I've noticed a trend in indignation.
I was at a "green friendly" grocery store the other day, and while checking out was asked if I had brought my own sack for the groceries. I had not. The fact that the check out lady could see I had no such carriers made the question itself annoying, but after I replied to the negative she
harummpfed at the cash register as if I was personally responsible for the glacier ice melt.
Then yesterday I used the following phrase to a co-worker, "well, then you'll kill two birds with one stone." Innocent enough, I thought. But I was told by the co-worker that she doesn't use that phrase. She's a vegetarian, so "killing-animal" colloquialisms are off limits. Wow, I'm thinking I must be out of touch.
These are minor offenses and ones for which I have no animosity towards the offended, but I do think it is odd the things that for which we get indignant. We all do, from time to time, think "how could they" do this or that. The telling thing is not that we get indignant, but what incites the indignation.
St. Augustine defined virtue with this short phrase: "ordo amoris." The order of loves. Such as, loving a pick-up truck is okay as long as you love your children more. St. Augustine recognized a hierarchy of goods and suggested that our affections and actions should follow that proper order. In some ways the things for which we show indignation indicate the things we love, or that which we consider most important.

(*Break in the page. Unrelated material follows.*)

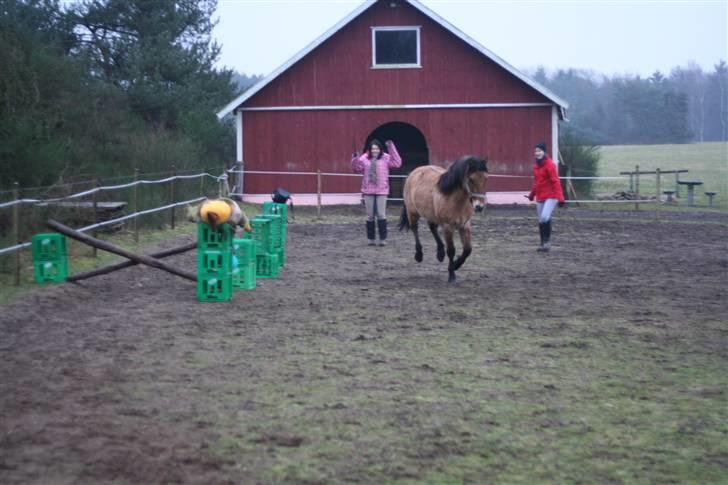 Thorshøjs Felix 2009 - 27. Hov Felix løb lige udenom billede 27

My point is this: it is good to want to protect the earth, icebergs and chickens -- but what about the eternally valuable, can we show a little indignation on their behalf once in a while? Want some justified indignation? Travel to one of dozens of countries and see how women and children, the weak and sickly, are treated. "
We'd rather pick more comfortable indignations, ones where the only sacrifice is the time it takes to count our carbon footprint. It's nice to be able to afford the indignations of the wealthy. Indignations of convenience. But this disordered value is inhuman and embarrassing. Sorry, that's the way I see it.
I started the essay with a tolerant disposition towards the opinion of others, and now ended, being indignant over the indignant. So I guess I'll stop.